◆ **Task item**
Of the lines listed below, return exactly those that run from the line containing "LED CONCEPT Rustic" through the line containing "A CLARICE CLIFF", both included.

◆ **Material for this exercise**
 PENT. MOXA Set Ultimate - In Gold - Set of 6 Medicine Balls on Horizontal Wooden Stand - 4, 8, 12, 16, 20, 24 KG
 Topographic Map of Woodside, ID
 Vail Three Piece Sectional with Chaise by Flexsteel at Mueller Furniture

==

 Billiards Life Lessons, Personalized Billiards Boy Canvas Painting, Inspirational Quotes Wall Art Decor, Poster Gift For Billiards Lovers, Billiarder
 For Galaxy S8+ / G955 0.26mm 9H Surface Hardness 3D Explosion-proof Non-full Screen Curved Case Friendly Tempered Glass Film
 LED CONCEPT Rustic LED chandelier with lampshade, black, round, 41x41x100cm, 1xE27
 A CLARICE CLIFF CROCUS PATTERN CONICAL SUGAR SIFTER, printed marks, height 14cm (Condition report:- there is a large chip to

...

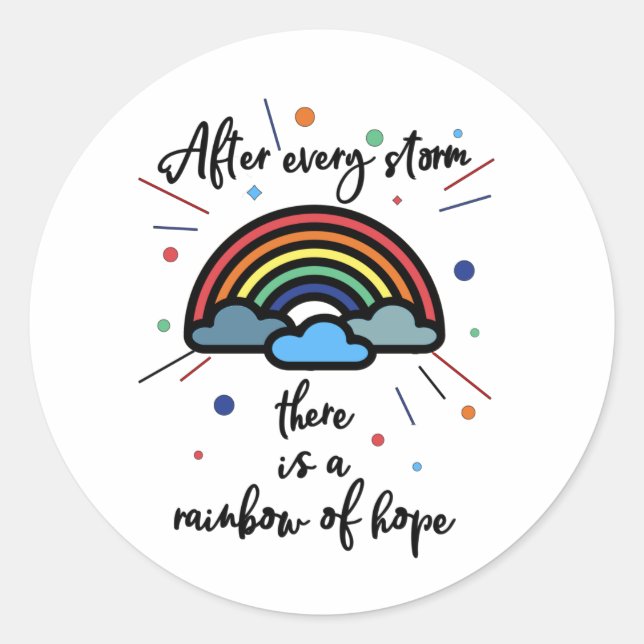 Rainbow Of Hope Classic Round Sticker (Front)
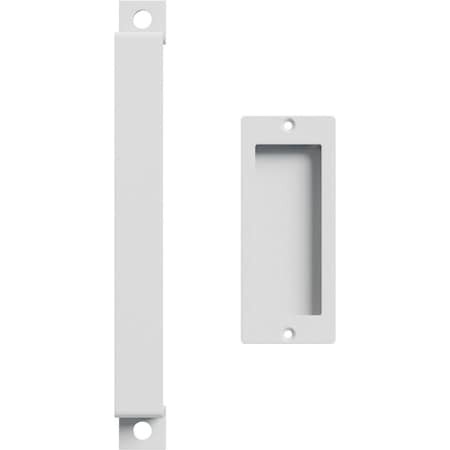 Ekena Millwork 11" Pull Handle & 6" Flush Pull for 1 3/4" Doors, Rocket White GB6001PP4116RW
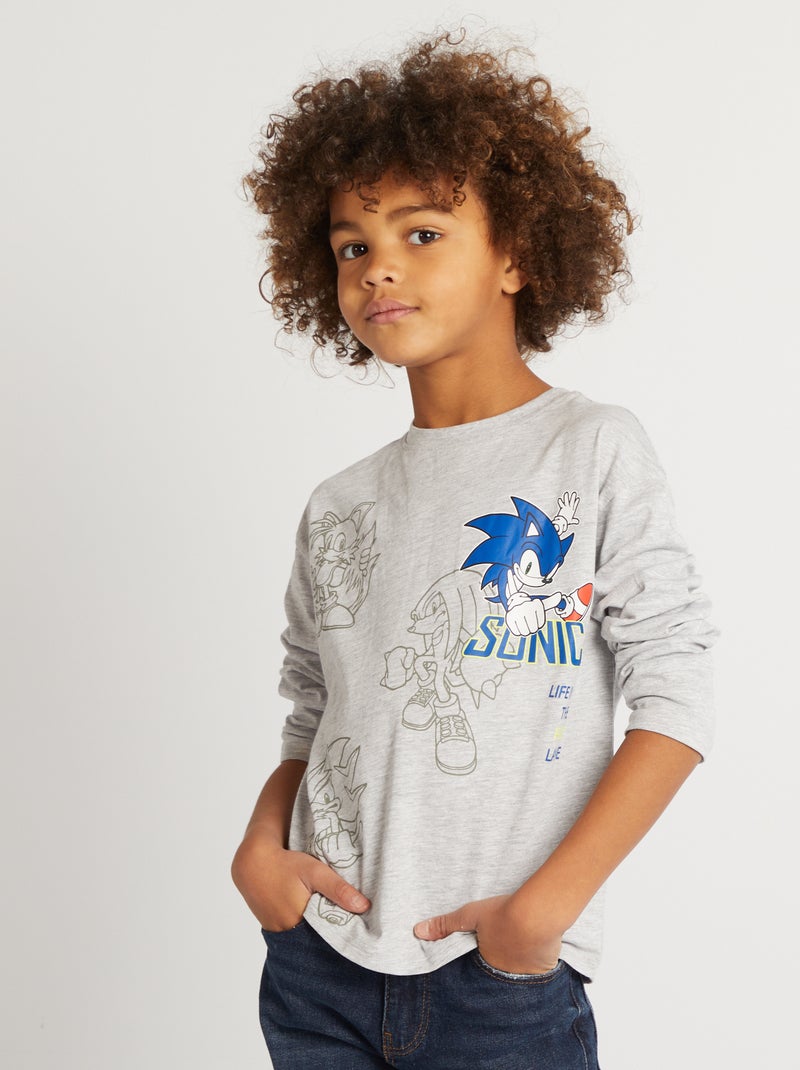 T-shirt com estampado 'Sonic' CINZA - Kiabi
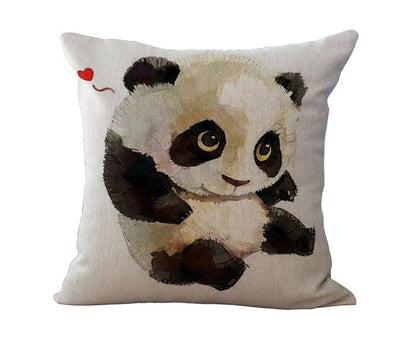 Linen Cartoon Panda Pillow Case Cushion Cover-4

◆ **Exercise output**
 LED CONCEPT Rustic LED chandelier with lampshade, black, round, 41x41x100cm, 1xE27
 A CLARICE CLIFF CROCUS PATTERN CONICAL SUGAR SIFTER, printed marks, height 14cm (Condition report:- there is a large chip to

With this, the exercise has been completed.